:: TASK TO COMPLETE ::
Omit the images. Restate all of the records word for word.

*** Opening of EXTRACTED INFORMATION ***

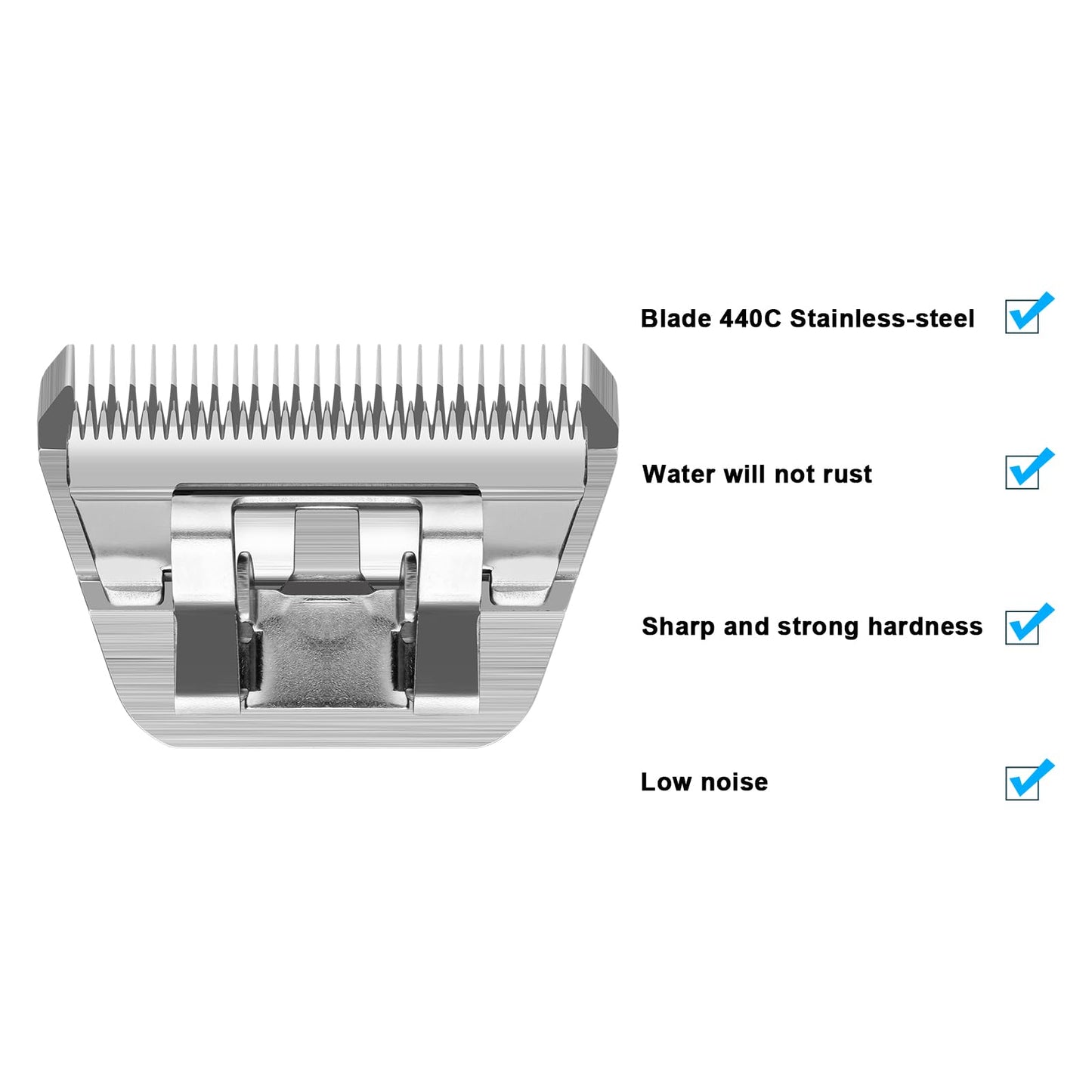 White Smoke Newbulu 7FW Dog Grooming Wide Blade,Detachable Pet Dog Grooming Blades,Compatible with Andis,Oster A5,Wahl km10 Clippers.Cutting Length 1/8 in(3.2mm)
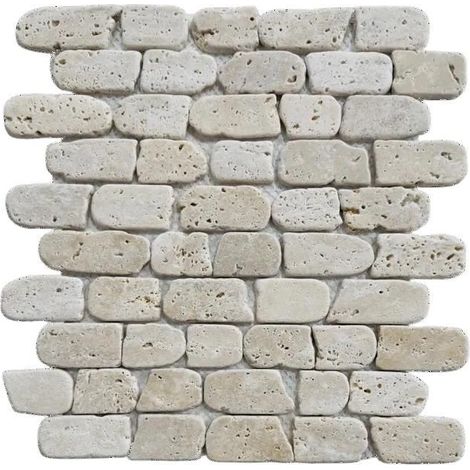 Mosaico - ALBEDO PIERRE - Travertino Ivoire Invecchiato - 0,8 cm - Stile Rustico - Resistente all'Umidità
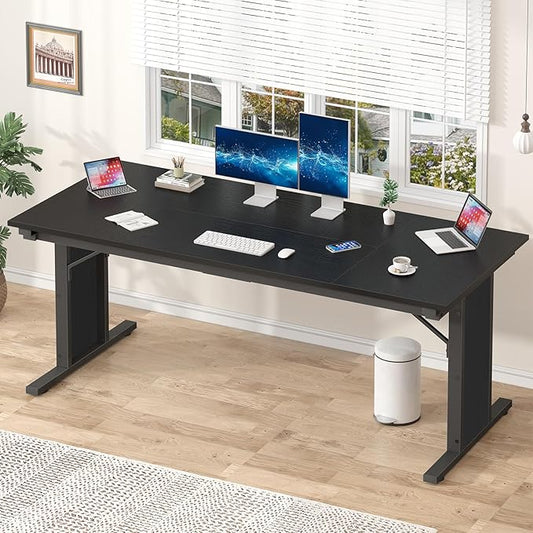 63 inch Executive Desk, Large Office Desk with Thicken Frame, Computer Desk Study Writing Table for Home Office, Black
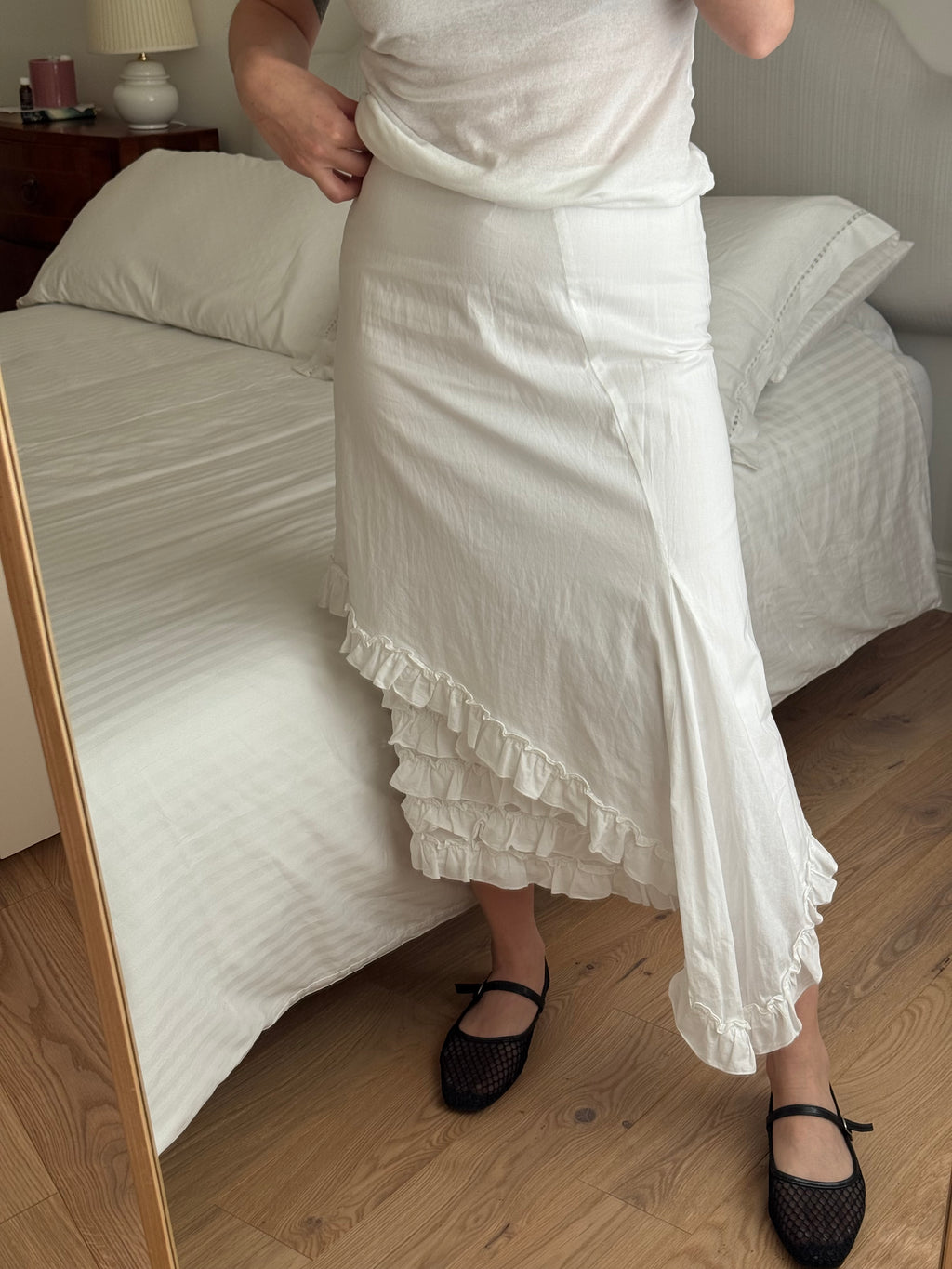 Luisa Spagnoli cotton rouches skirt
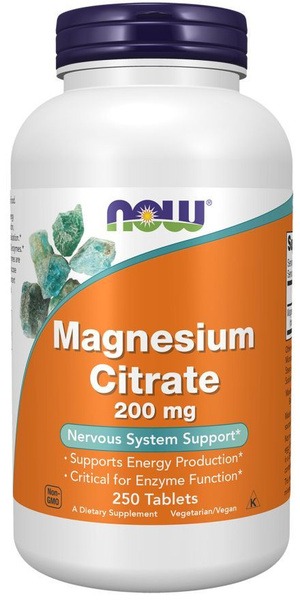 Now Magnesium Citrate 250 Tablets (200mg): Stress, Anxiety, Muscle &amp; Sleep Support
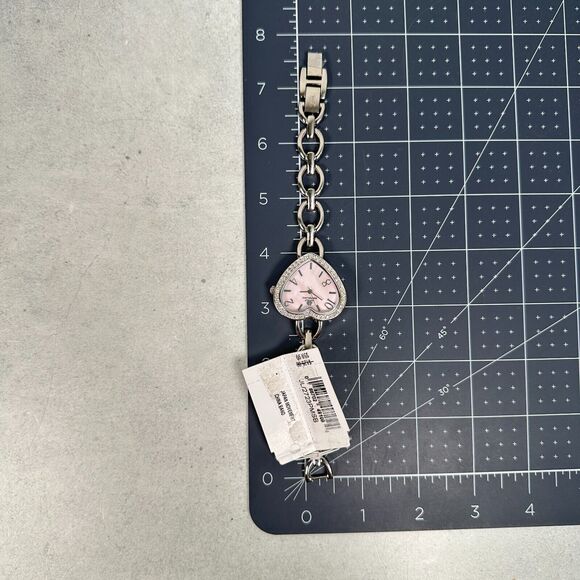 JLO Watch Womens 33mm Heart Pink MOP Dial Pave Bezel Silver Tone New Battery - Picture 8 of 8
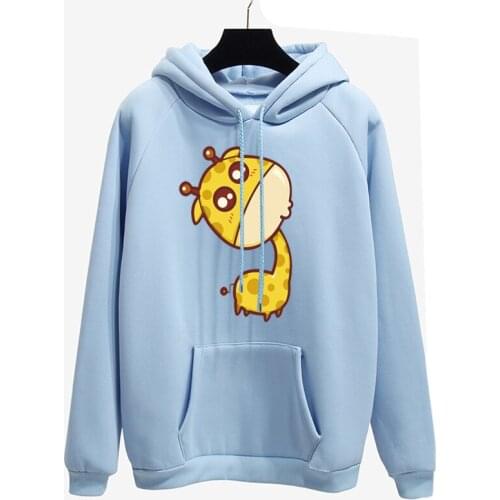 Cute giraffe Print Harajuku blue Hoodies Women 2018 Autumn Winter casual Lady Pullover Thick Loose Moletom Feminino Clothe Coat
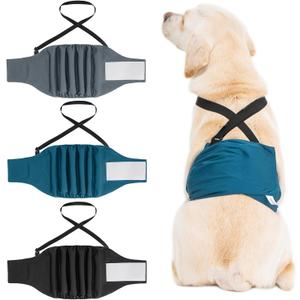 3 Pack Avont Male Dog Belly Band with Suspenders, Reusable Boy Doggie Diaper with Harness, Escape Proof, Non-Slip, Washable Doggy Pee Wraps for Small Medium Large Dogs (XS, Black/ Dark Grey/ Navy Blue)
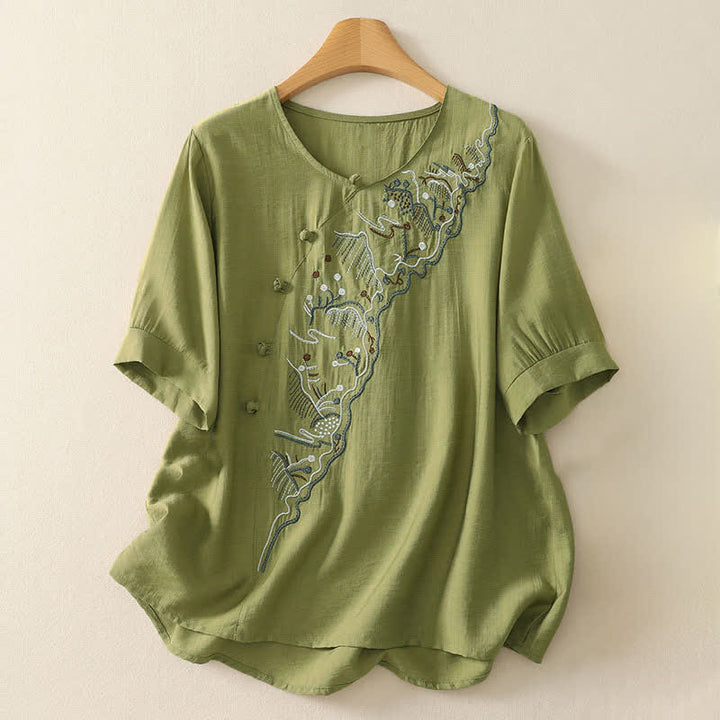 Buddha Stones サマーマウンテン刺繍入りクルーネックレディース半袖シャツ - 黄緑 - US12、 UK/AU16、 EU44 (3XL) - image 10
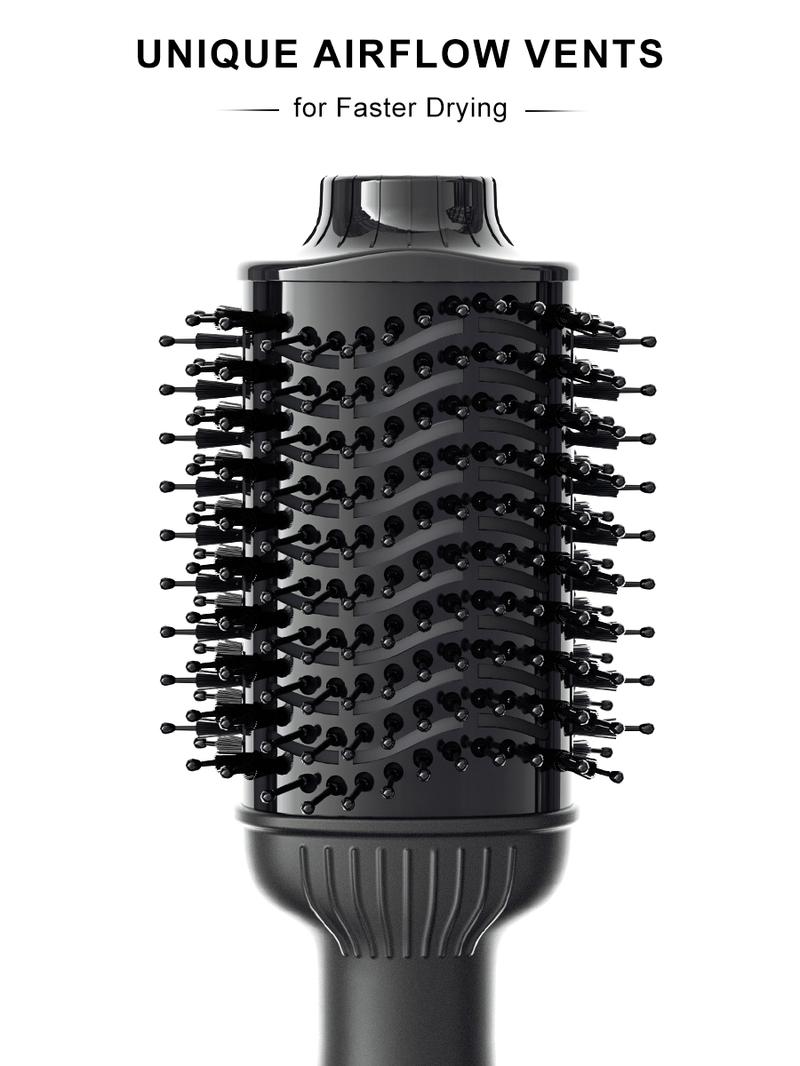 Aibesser 4-in-1 Dual Voltage Hot Air Handle Volumizer Hair Dryer Straightener Curler with Ceramic Tourmaline Ionic Curling Brush Lightweight Plug，Dryer/Curler/Straightener/Scalp Massager, Anti-Scald Bristles, Intelligent Heat Control, Cold & Hot Air Cycle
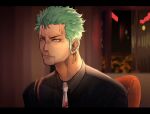  1boy alternate_costume black_eyes black_shirt blood blood_on_clothes blood_on_face closed_mouth commentary earrings english_commentary green_hair hereynd highres injury jewelry letterboxed male_focus necktie one_piece roronoa_zoro shirt short_hair single_earring solo torn_clothes white_necktie 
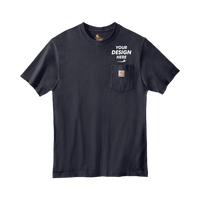 Carhartt Workwear Pocket Short Sleeve T Shirt, Navy, Front view, Mockup
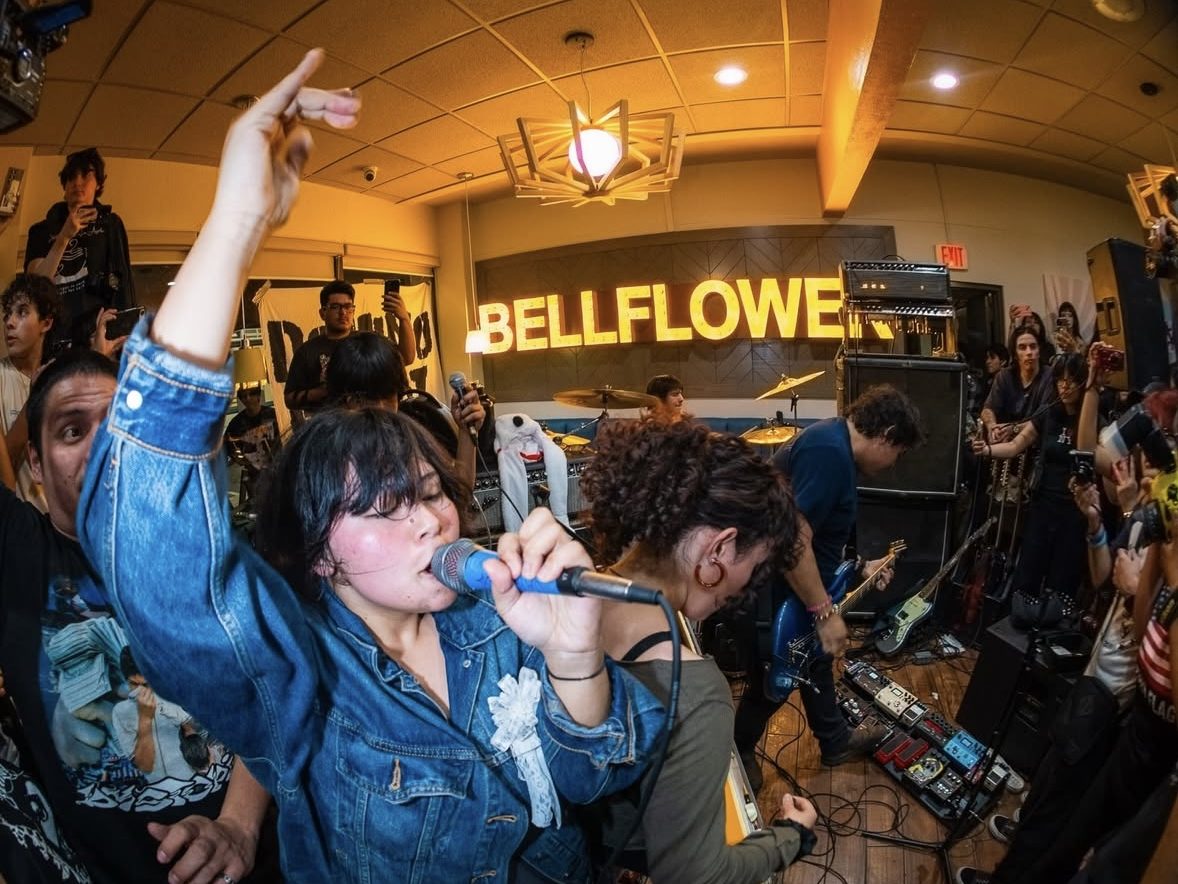 a band performing at a diner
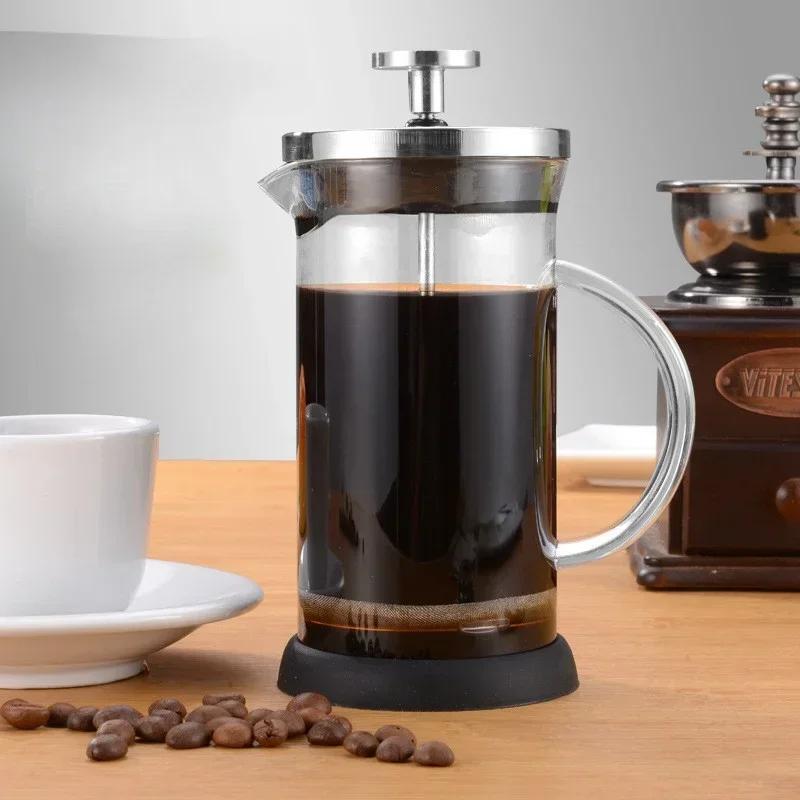 350-1000ml Transparent Coffee French Press Pot with Filter Multifunctional Heat Resistant Borosilicate Glass Coffee Kettles Tool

*** Close of EXTRACTED INFORMATION ***

:: THE ANSWER ::
 White Smoke Newbulu 7FW Dog Grooming Wide Blade,Detachable Pet Dog Grooming Blades,Compatible with Andis,Oster A5,Wahl km10 Clippers.Cutting Length 1/8 in(3.2mm)
 Mosaico - ALBEDO PIERRE - Travertino Ivoire Invecchiato - 0,8 cm - Stile Rustico - Resistente all'Umidità
 63 inch Executive Desk, Large Office Desk with Thicken Frame, Computer Desk Study Writing Table for Home Office, Black
 Luisa Spagnoli cotton rouches skirt
 Now Magnesium Citrate 250 Tablets (200mg): Stress, Anxiety, Muscle &amp; Sleep Support
 JLO Watch Womens 33mm Heart Pink MOP Dial Pave Bezel Silver Tone New Battery - Picture 8 of 8
 Cute giraffe Print Harajuku blue Hoodies Women 2018 Autumn Winter casual Lady Pullover Thick Loose Moletom Feminino Clothe Coat
 3 Pack Avont Male Dog Belly Band with Suspenders, Reusable Boy Doggie Diaper with Harness, Escape Proof, Non-Slip, Washable Doggy Pee Wraps for Small Medium Large Dogs (XS, Black/ Dark Grey/ Navy Blue)
 Buddha Stones サマーマウンテン刺繍入りクルーネックレディース半袖シャツ - 黄緑 - US12、 UK/AU16、 EU44 (3XL) - image 10
 Aibesser 4-in-1 Dual Voltage Hot Air Handle Volumizer Hair Dryer Straightener Curler with Ceramic Tourmaline Ionic Curling Brush Lightweight Plug，Dryer/Curler/Straightener/Scalp Massager, Anti-Scald Bristles, Intelligent Heat Control, Cold & Hot Air Cycle
  1boy alternate_costume black_eyes black_shirt blood blood_on_clothes blood_on_face closed_mouth commentary earrings english_commentary green_hair hereynd highres injury jewelry letterboxed male_focus necktie one_piece roronoa_zoro shirt short_hair single_earring solo torn_clothes white_necktie 
 Carhartt Workwear Pocket Short Sleeve T Shirt, Navy, Front view, Mockup
 a band performing at a diner
 350-1000ml Transparent Coffee French Press Pot with Filter Multifunctional Heat Resistant Borosilicate Glass Coffee Kettles Tool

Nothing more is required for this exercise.